È Lodola-Peter Pan a spruzzare la polvere magica
che riporta in vita le immagini invecchiate dal
tempo facendole danzare davanti ai nostri occhi.
In tempi non sospetti, nel 1993, quando, per la
prima volta, mi sono occupato di Lodola e le
sculture luminose erano di là da venire, mi ero reso
conto che le immagini bidimensionali ben presto
avrebbero subito una radicale trasformazione.

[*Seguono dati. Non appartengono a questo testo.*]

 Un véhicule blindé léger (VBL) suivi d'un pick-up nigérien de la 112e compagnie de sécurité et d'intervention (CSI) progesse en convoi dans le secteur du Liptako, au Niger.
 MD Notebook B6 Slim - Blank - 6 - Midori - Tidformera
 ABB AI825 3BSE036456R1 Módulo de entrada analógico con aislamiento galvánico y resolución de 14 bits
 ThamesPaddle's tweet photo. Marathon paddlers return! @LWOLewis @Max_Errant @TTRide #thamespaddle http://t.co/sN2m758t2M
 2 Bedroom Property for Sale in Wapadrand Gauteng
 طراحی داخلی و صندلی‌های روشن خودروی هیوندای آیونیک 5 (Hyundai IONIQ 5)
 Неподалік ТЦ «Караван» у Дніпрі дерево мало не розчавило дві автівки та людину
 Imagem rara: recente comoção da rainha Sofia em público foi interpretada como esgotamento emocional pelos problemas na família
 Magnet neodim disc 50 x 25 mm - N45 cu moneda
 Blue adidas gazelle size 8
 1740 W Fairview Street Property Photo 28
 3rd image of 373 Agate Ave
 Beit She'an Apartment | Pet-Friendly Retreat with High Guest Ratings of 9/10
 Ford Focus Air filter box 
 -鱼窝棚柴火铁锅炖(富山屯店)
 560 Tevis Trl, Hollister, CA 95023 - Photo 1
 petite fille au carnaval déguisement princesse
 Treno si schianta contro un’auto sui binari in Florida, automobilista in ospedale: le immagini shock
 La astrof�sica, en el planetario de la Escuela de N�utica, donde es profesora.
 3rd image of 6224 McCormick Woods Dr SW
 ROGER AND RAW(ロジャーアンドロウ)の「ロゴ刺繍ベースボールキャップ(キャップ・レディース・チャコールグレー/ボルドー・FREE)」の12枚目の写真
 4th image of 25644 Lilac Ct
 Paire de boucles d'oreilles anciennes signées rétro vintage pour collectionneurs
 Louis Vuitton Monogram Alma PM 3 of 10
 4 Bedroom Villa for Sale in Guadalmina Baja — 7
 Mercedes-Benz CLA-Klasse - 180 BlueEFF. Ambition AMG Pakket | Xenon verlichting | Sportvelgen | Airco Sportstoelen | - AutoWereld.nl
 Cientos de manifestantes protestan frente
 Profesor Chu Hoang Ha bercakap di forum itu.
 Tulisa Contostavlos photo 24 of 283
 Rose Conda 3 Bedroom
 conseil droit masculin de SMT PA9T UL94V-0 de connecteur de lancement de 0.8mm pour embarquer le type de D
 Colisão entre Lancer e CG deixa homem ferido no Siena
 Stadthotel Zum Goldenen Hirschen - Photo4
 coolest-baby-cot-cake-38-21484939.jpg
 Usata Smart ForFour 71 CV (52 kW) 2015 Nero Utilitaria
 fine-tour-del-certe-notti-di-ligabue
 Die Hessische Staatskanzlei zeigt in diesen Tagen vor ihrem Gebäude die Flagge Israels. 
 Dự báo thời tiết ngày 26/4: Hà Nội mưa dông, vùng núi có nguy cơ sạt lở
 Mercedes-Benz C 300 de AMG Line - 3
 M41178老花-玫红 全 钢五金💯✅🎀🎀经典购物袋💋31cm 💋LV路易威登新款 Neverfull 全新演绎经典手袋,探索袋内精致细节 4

“Le opere di Lodola”, avevo scritto, “vivono di vita
propria indipendentemente dalla volontà del suo
creatore: attraverso un abile uso di pieni e di vuoti
le sue immagini senza volto ritagliate su fogli
di plastica rigida, sottilmente tridimensionali,
tendono a uscire fuori dalla composizione in cui
si sentono ingabbiate. Eppure, tutto è immobile:
le Figure sembrano attendere l’inizio della musica
o lo schioccare delle dita da parte dell’artista per
iniziare a danzare.”
Le figure ritagliate evocano il musical degli anni
Quaranta e Cinquanta. Ma il ricordo di Fred Astaire
e Ginger Rogers viene trasmesso attraverso i colori
artificiaIi e baluginanti delle luci al neon e delle
insegne pubblicitarie.
Non si pensi, tuttavia, a sofisticati congegni
tecnologici
o
a
effetti
speciali
di
stampa
hollywoodiana. Lodolondia è un’azienda artigiana
dove ogni pezzo di plastica viene tagliato a mano
dopo essere stato accuratamente disegnato su
carta. Anche le strutture luminose sono semplici
nella loro essenzialità, con fili, lampade e spine. ”Mi
raccomando, scrivi che sono un elettricista. lo ho
una visione proletaria dell’arte. Mi sento realizzato
solo quando manipolo i materiali e attacco i fili
elettrici che, come d’incanto, accendono le mie
sculture”, mi dice Lodola che lavora nella luce con
lo stesso spirito con cui Henri Matisse lavorava nel
colore.
Gioia e divertimento, magia e fantasia, cinema
e musica sono gli ingredienti che caratterizzano
il percorso creativo di Lodola. Ma non bisogna
dimenticare che, dietro alle ombre cinesi e alle
immagini senza volto, si celano l’artificio e
l’alienazione, il mistero e l’enigma. Per spegnere le
insegne del luna park e ascoltare il silenzio delle sue
opere è sufficiente staccare la spina. Fatto questo
gesto, le giostre si fermeranno e i saltimbanchi
usciranno di scena lasciandoci soli con i nostri
ricordi. Come in un film di Federico Fellini.